- [Dataset excerpts]:
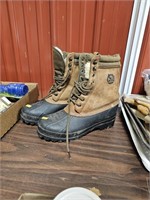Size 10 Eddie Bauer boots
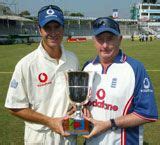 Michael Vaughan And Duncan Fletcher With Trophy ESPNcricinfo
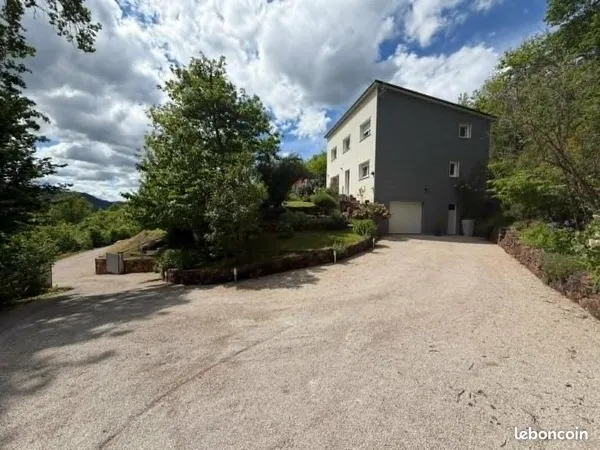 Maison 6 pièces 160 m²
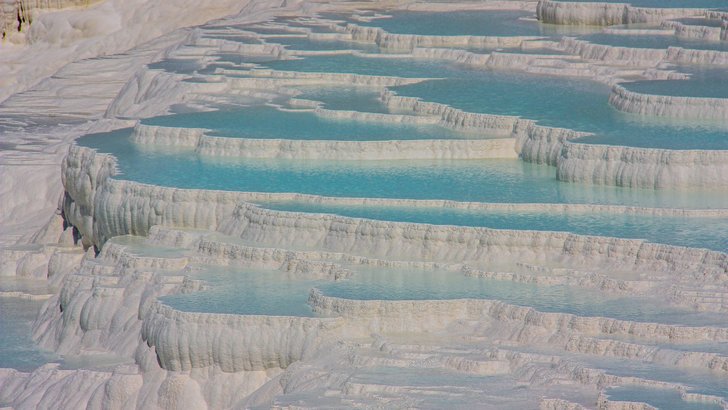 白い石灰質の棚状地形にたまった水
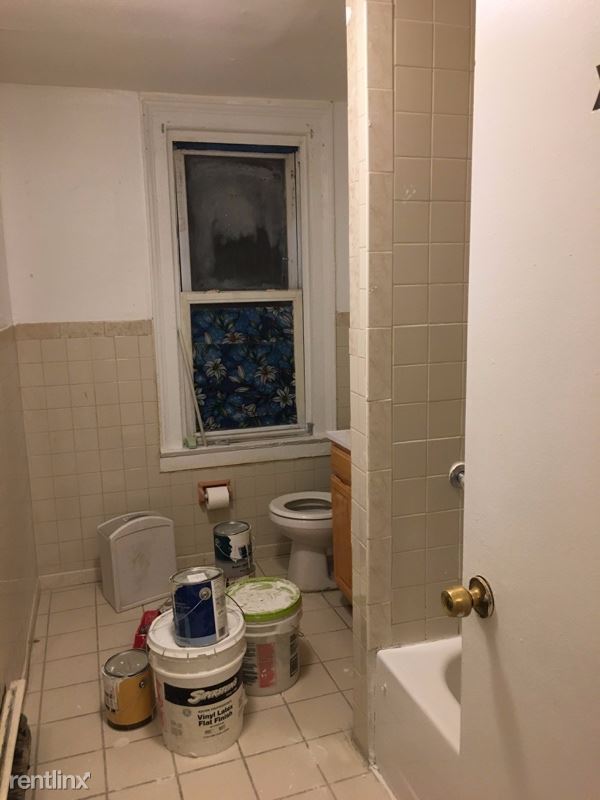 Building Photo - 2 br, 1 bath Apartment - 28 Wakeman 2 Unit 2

- [Exercise requirements]: Quote exactly, and only, the lines from the one containing "白い石灰質の棚状地形にたまった水" through the last line of the records above, both included; leave out any pictures.

- [Answer space]:
 白い石灰質の棚状地形にたまった水
 Building Photo - 2 br, 1 bath Apartment - 28 Wakeman 2 Unit 2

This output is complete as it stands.